7. However, the trial court found that the Plaintiff was a bona fide purchaser for value.

8. It is in those circumstances that the trial court awarded to the Plaintiff the sum of Kshs. 1,449,000/= as Special damages, in respect to the inconvenience which he suffered when the Defendant’s executing agents had held the car.

9. The trial court also awarded to the Plaintiff the sum of Kshs. 158,050/= being a refund of the money which he spent on the repairs to the vehicle after the Plaintiff recovered the said vehicle from the executing agents.

10. The plaintiff was also awarded the costs of the suit, together with interest at court rates from the date of the judgment.

11. The Defendant was aggrieved with the judgment, and has preferred an appeal to the High Court.

12. Whilst awaiting the hearing and determination of the appeal, the Defendant has asked this court to stay the execution of the Decree.

13. The Defendant asserted that if the execution was not stayed, it would suffer substantial loss and prejudice, as the Plaintiff would be unable to refund the decretal amount, in the event that the appeal was ultimately successful.

14. It was the contention of the Applicant that the Respondent had no known source of income and/or assets.

15. Therefore, the Applicant formed the opinion that the Respondent would be unable to satisfy the sums awarded, if the Applicant’s appeal was finally successful. It is for that reason that the Applicant asked the court to stay execution until the appeal is heard and determined.

16. And whilst the appeal was still pending, the Applicant offered to deposit the decretal amount in an Interest-earning account.

17. It was the Applicant’s contention that the appeal has high chances of success, as the trial court awarded General Damages without any proof of the Hire Charges.

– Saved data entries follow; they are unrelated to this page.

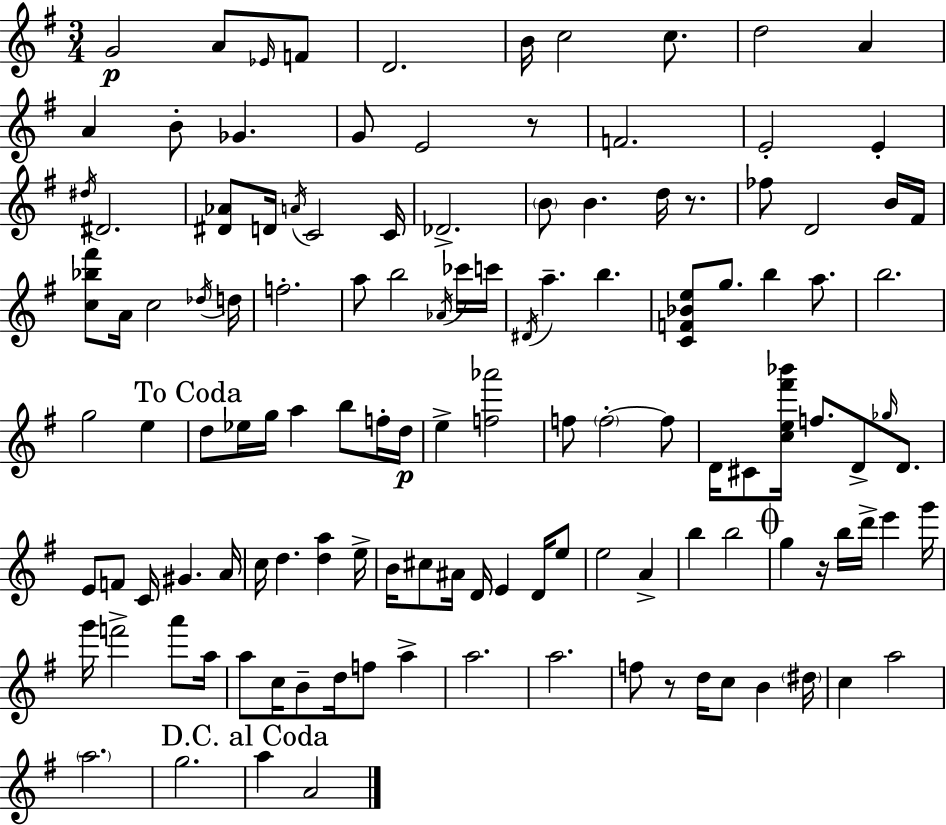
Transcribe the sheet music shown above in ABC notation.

X:1
T:Untitled
M:3/4
L:1/4
K:Em
G2 A/2 _E/4 F/2 D2 B/4 c2 c/2 d2 A A B/2 _G G/2 E2 z/2 F2 E2 E ^d/4 ^D2 [^D_A]/2 D/4 A/4 C2 C/4 _D2 B/2 B d/4 z/2 _f/2 D2 B/4 ^F/4 [c_b^f']/2 A/4 c2 _d/4 d/4 f2 a/2 b2 _A/4 _c'/4 c'/4 ^D/4 a b [CF_Be]/2 g/2 b a/2 b2 g2 e d/2 _e/4 g/4 a b/2 f/4 d/4 e [f_a']2 f/2 f2 f/2 D/4 ^C/2 [ce^f'_b']/4 f/2 D/2 _g/4 D/2 E/2 F/2 C/4 ^G A/4 c/4 d [da] e/4 B/4 ^c/2 ^A/4 D/4 E D/4 e/2 e2 A b b2 g z/4 b/4 d'/4 e' g'/4 g'/4 f'2 a'/2 a/4 a/2 c/4 B/2 d/4 f/2 a a2 a2 f/2 z/2 d/4 c/2 B ^d/4 c a2 a2 g2 a A2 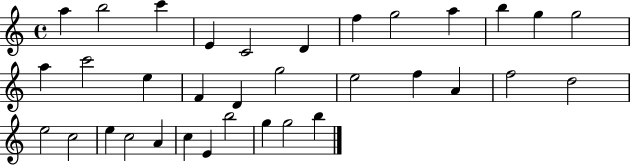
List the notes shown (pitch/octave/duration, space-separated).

A5/q B5/h C6/q E4/q C4/h D4/q F5/q G5/h A5/q B5/q G5/q G5/h A5/q C6/h E5/q F4/q D4/q G5/h E5/h F5/q A4/q F5/h D5/h E5/h C5/h E5/q C5/h A4/q C5/q E4/q B5/h G5/q G5/h B5/q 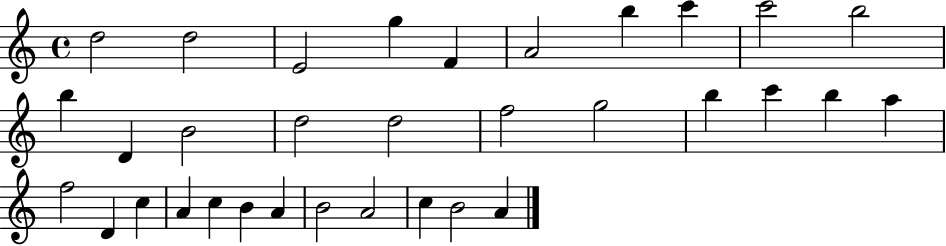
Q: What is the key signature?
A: C major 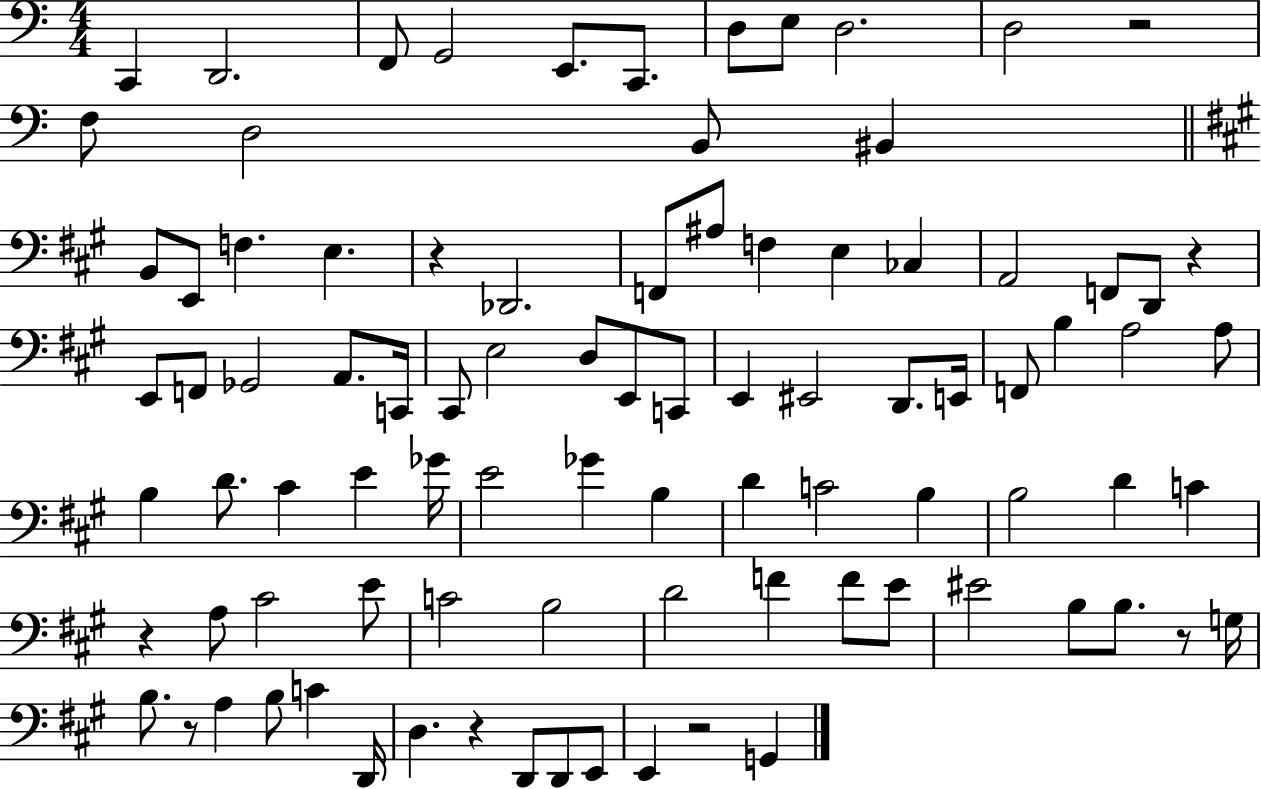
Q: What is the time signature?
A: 4/4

18. Secondly, the Applicant noted that the Respondent was awarded kshs. 1. 4 million as compensation, whereas the value of the vehicle which was the subject matter of the suit was kshs. 500,000/=.

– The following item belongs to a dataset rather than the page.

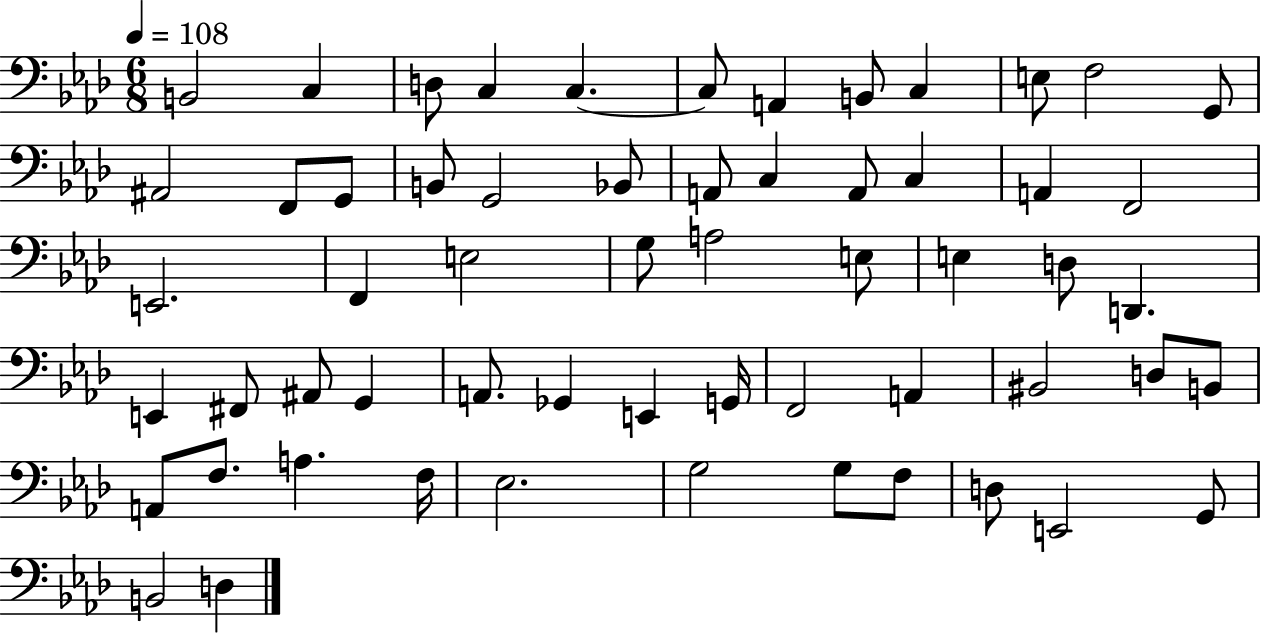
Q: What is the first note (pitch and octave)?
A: B2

19. Thirdly, the Applicant expressed the view that the Respondent did not mitigate his loss.

20. In answer to the application, the Respondent pointed out that whereas the Applicant had alleged that the Respondent was a man of straw, the Applicant failed to tender proof of that allegation.

21. To support his submission, the Respondent cited JOSEPH GACHIE T/A JOSKA METAL WORKS VS SIMON NDETI MUEMA, CIVIL APPEAL NO. 372 OF 2012.  In that case, the High Court held as follows:

“Where the allegation is that the Respondent will not be able to refund the decretal sum, the burden is upon the Applicant to prove that the Respondent will not be able to refund to the Defendants any sums paid in satisfaction of the decree.”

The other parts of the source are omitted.